> _STORED DATA_:
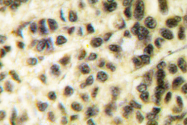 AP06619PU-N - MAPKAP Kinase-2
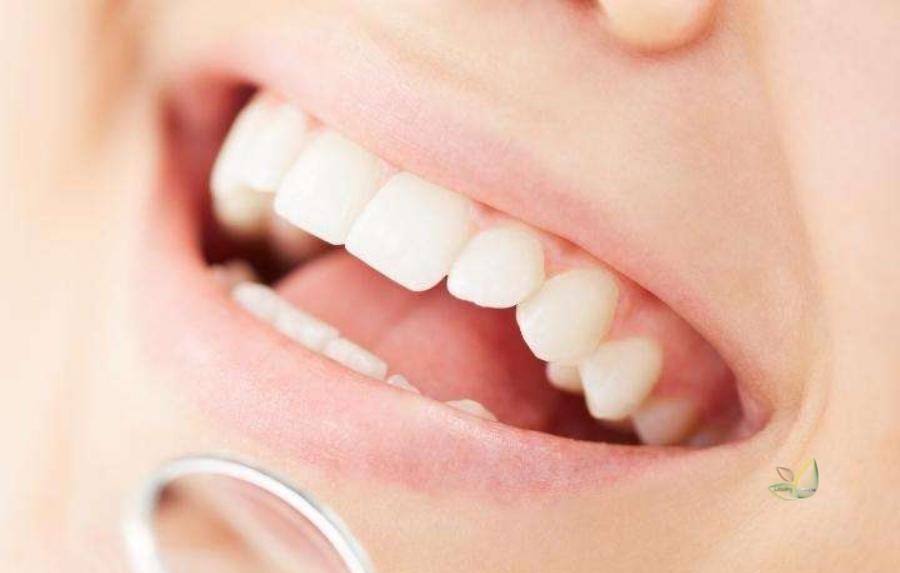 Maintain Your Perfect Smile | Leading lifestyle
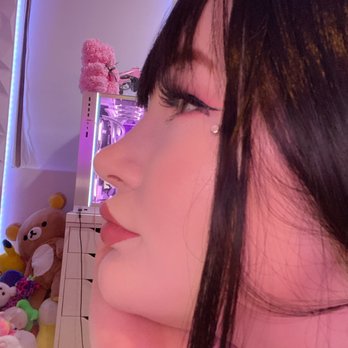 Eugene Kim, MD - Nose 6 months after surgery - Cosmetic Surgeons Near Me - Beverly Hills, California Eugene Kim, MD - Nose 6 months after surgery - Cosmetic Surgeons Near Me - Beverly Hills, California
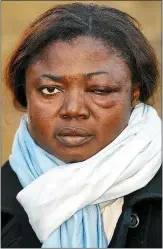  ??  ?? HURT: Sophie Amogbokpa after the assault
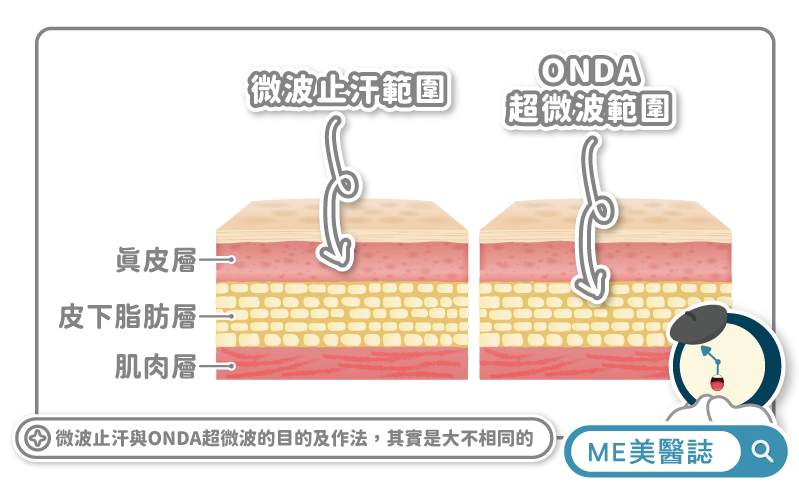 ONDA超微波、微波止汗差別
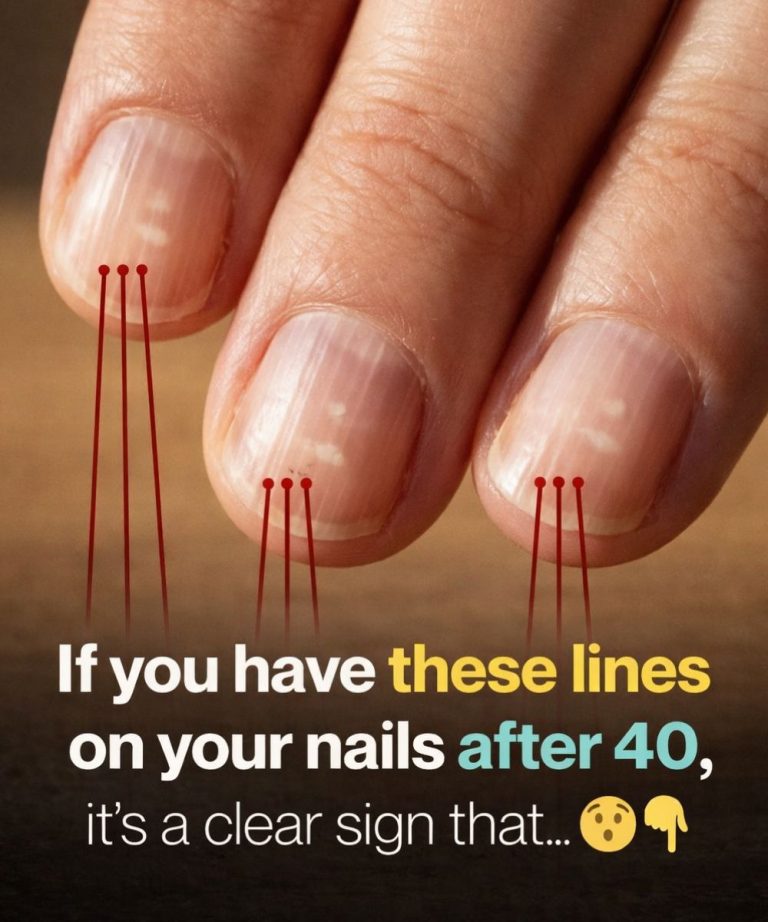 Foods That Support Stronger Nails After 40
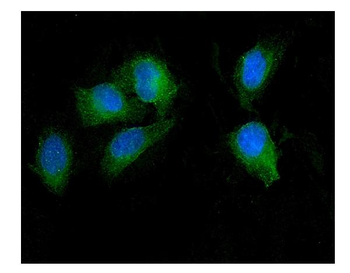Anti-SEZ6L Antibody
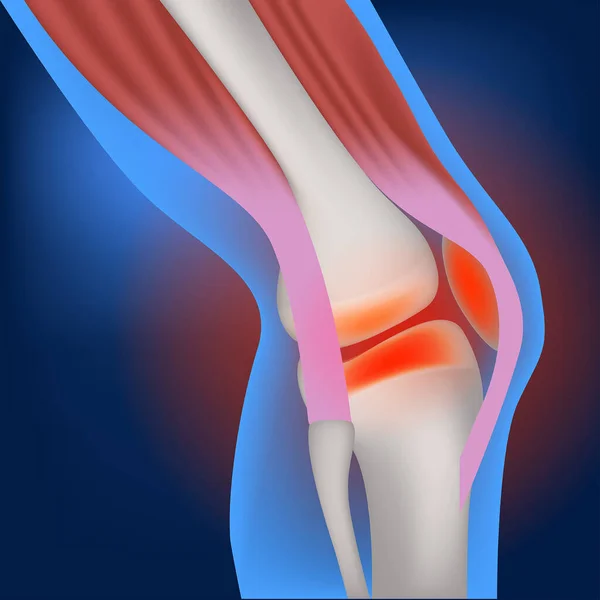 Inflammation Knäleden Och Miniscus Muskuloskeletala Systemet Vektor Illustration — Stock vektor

---

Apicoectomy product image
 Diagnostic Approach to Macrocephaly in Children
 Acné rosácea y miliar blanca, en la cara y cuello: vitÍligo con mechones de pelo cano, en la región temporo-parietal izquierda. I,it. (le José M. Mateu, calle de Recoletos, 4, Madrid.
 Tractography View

---

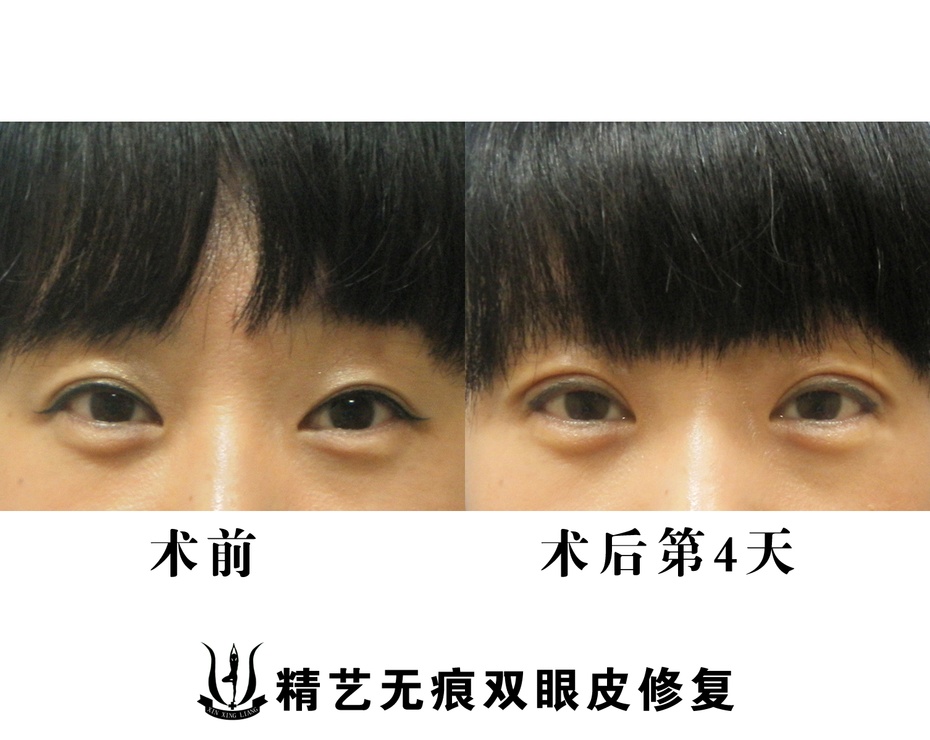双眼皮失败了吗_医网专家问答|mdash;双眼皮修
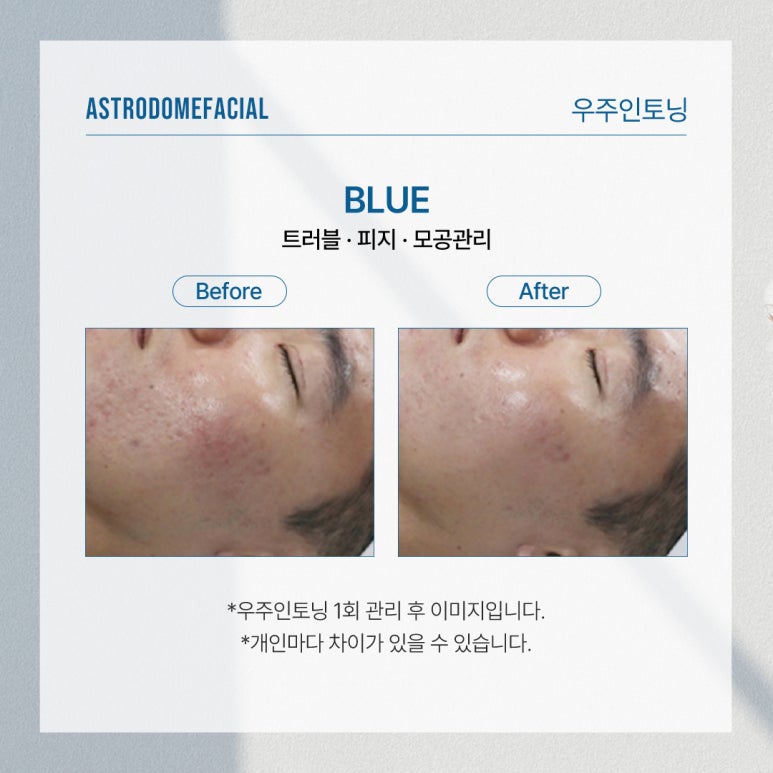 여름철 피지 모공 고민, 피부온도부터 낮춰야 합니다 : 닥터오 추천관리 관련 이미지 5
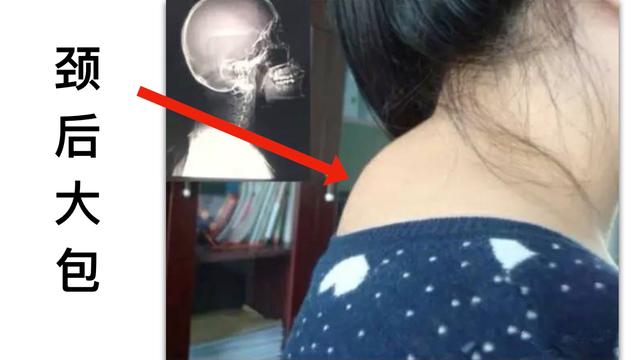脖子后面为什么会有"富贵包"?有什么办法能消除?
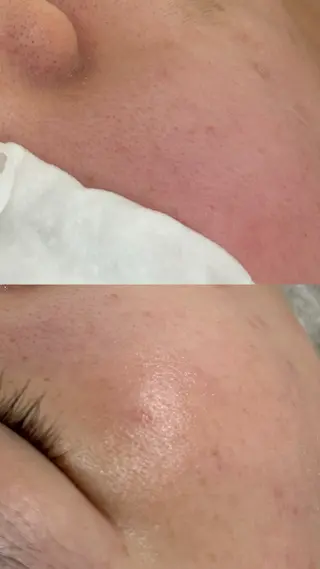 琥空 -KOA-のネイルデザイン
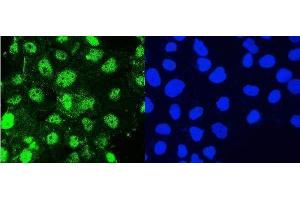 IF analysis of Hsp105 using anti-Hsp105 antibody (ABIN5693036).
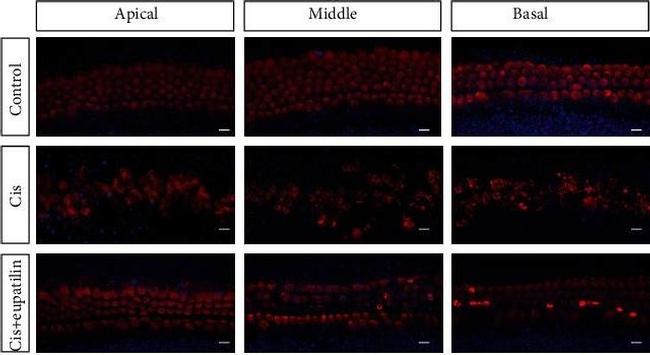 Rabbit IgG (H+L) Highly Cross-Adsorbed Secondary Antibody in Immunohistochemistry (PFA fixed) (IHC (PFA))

> _PROBLEM REQUIREMENTS_: Everything between and including the line above containing "AP06619PU-N - MAPKAP Kinase-2" and the line containing "after the assault" should be reproduced exactly, with pictures excluded.

> _WRITTEN RESPONSE_:
 AP06619PU-N - MAPKAP Kinase-2
 Maintain Your Perfect Smile | Leading lifestyle
 Eugene Kim, MD - Nose 6 months after surgery - Cosmetic Surgeons Near Me - Beverly Hills, California Eugene Kim, MD - Nose 6 months after surgery - Cosmetic Surgeons Near Me - Beverly Hills, California
  ??  ?? HURT: Sophie Amogbokpa after the assault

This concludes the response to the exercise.